UK film at the Beijing International Film Festival

Carol Morley’s acclaimed drama The Falling and a newly restored extract from a recently rediscovered silent film will be presented by the BFI at the festival.

Updated:

The Falling (2014)

The Falling (2014)

The BFI today announces UK activity at the Beijing International Film Festival (BJIFF). An excerpt from The Legend of the Willow Pattern Plate (1926), newly restored by the BFI National Archive, will screen at the opening night gala on Thursday 16 April. Carol Morley’s The Falling, supported by the BFI, is also screening in competition at the festival on Saturday 18 April with rising star Florence Pugh, who plays Abbie in the film, attending the red carpet premiere. With a UK-China Co-Production Treaty firmly in place, BFI CEO Amanda Nevill will be attending the festival and joining the panel at the Sino-Foreign Film Co-Production Forum on April 17, a major part of the festival organised by the China Film Co-Production Corporation.

Amanda Nevill, BFI CEO said:

“It is really important for the UK to be at the Beijing International Film Festival. Presenting this restored film from the BFI National Archive featuring Chinese history and culture and the hugely talented Carol Morley’s brilliant and compelling new film The Falling deepens the burgeoning relationship and cultural exchange between the UK and Chinese film industries. How symbolic to be presenting such an early example of a UK-China film collaboration The Legend of the Willow Pattern Plate and at the same time starting our journey towards making many more together.”

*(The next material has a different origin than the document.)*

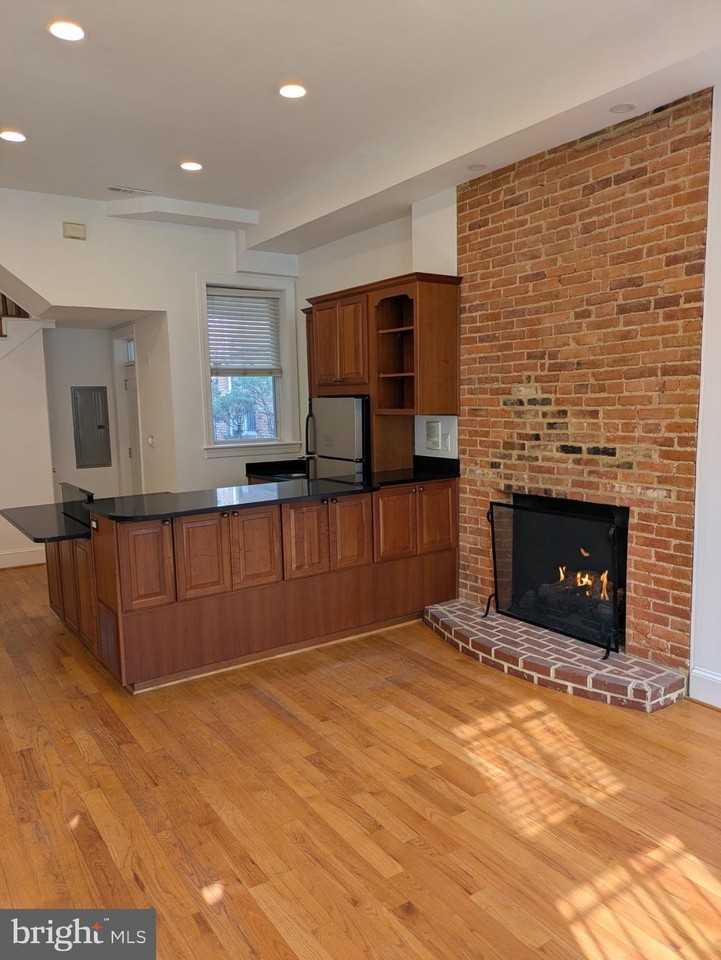 E Street Expy - Photo 6 of 19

An extract of the restored The Legend of The Willow Pattern Plate will premiere with a live orchestral accompaniment at the festival’s opening night gala event on 16 April, 89 years after its original premiere in Shanghai at the Carlton Theatre on 8 April 1926. The film was thought to be lost until it was discovered by BFI curators researching the China on Film collection launched on BFI Player last year. It tells the tragic story of the elopement of a mandarin’s daughter with her father’s secretary, and how the vengeance of a disappointed suitor overtakes and destroys the two lovers. The film’s story was widely publicised as an authentic adaptation of a traditional Chinese legend. However, that ‘legend’ seems not to be Chinese at all, but in fact a concoction of 18th-century English potters – conjured up to help market their new ‘willow pattern’ decorated china, manufactured in the style of traditional Chinese porcelain. Shot in a Shanghai studio, with exterior scenes filmed in Hangzhou, the film was financed and produced by British American Tobacco and is significant as the first film with an all-Chinese cast to be distributed internationally. The film was a hit with British audiences and its London premiere on 27 February 1927 was attended by Queen Mary, who was captured on film leaving the theatre afterwards.

At the opening night gala of the festival, Amanda Nevill, BFI CEO will be presenting The Legend of the Willow Pattern Plate and the recent BFI National Archive restoration of Modern China, depicting life in Beijing in 1908, as a gift to the Beijing International Film Festival on behalf of the BFI.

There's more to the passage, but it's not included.